Wickham extends the concept of normalization to allow for easy analysis in an in-memory system like R:
Tidy data is a standard way of mapping the meaning of a dataset to its structure. A dataset is messy or tidy depending on how rows, columns and tables are matched up with observations, variables and types. In tidy data:
- Each variable forms a column.
- Each observation forms a row.
- Each type of observational unit forms a table.
This is Codd’s 3rd normal form (Codd 1990), but with the constraints framed in statistical language, and the focus put on a single dataset rather than the many connected datasets common in relational databases. Messy data is any other arrangement of the data (4).
He then discusses five common problems with real-world data, and defines three methods for tidying it–“melting, string splitting, and casting” (5). Several examples of messy and tidy datasets, as well as a case study in R, follow.
Puget’s post, as is evident from the title, expands on Wickham’s article, giving the Python equivalents of Wickham’s R code. Pandas, as it turns out, has a
melt() function–corresponding to
gather() in Wickham’s tidyr or
melt() in his reshape2–which forms a concise basis for data tidying within Python.
Over at Data Science Central is this interesting article on “data janitor work”: the fact that the biggest hurdle to large-scale data analysis is wrangling the data into a usable form. It is, of course, directly applicable to doing text analysis in the “Million Book Library.”

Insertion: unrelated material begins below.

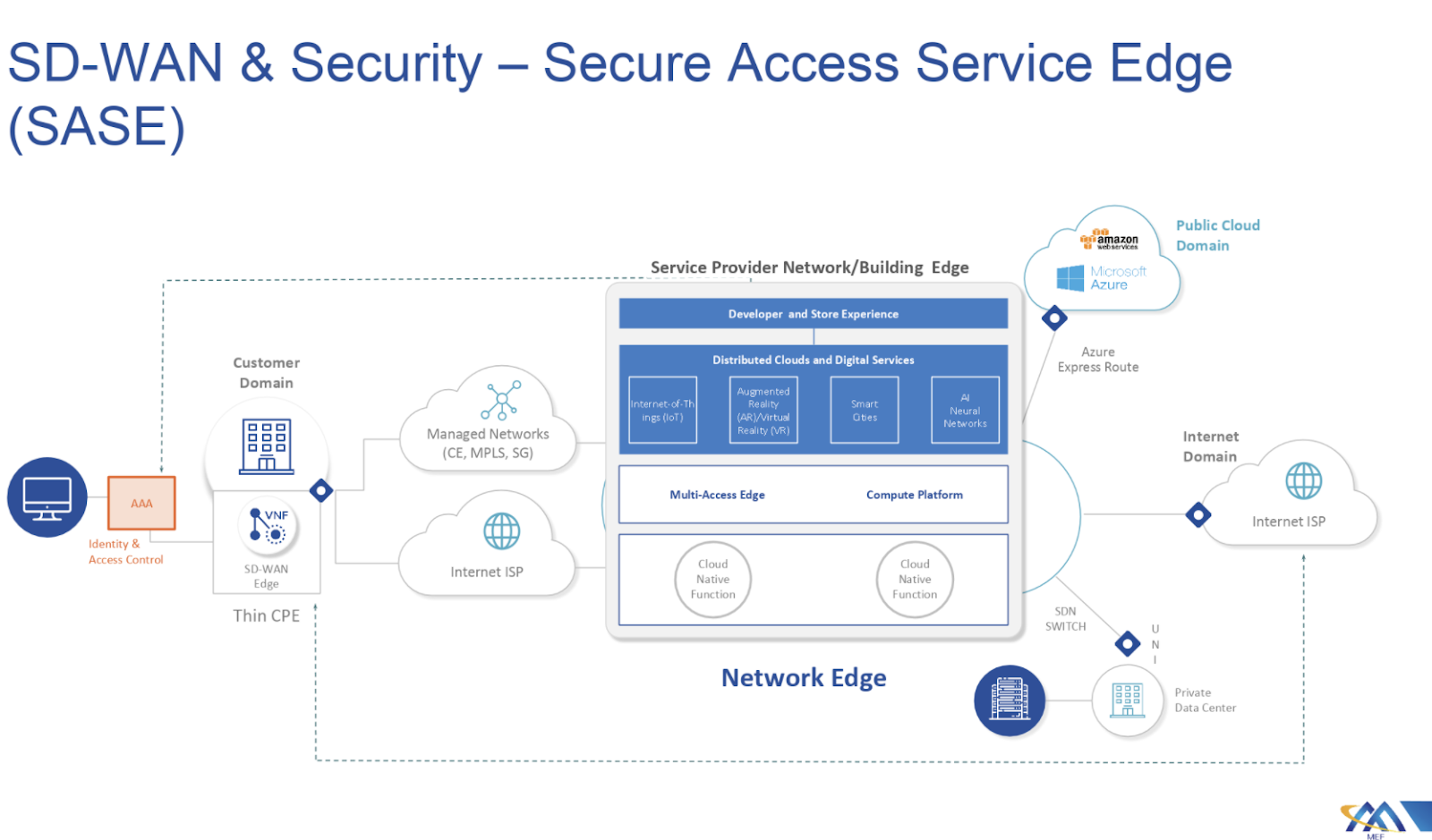 SD-Wan & sase. VMWARE SD-Wan Edge. Secure access. Edge services. Secure access token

Data scientist[s] spend a comparatively large amount of time in the data preparation phase of a project. Whether you call it data wrangling, data munging, or data janitor work, the [New York] Times article estimates 50%-80% of a data scientists’ time is spent on data preparation. We agree. . . .
Before you start your project, define what data you need. This seems obvious, but in the world of big data, we hear a lot of people say, “just throw it all in”. If you ingest low quality data that is not salient to your business objectives, it will add noise to your results.
The more noisy the data, the more difficult it will be to see the important trends. You must have a defined strategy for the data sources you need and the particular subset of that data, which is relevant for the questions you want to ask.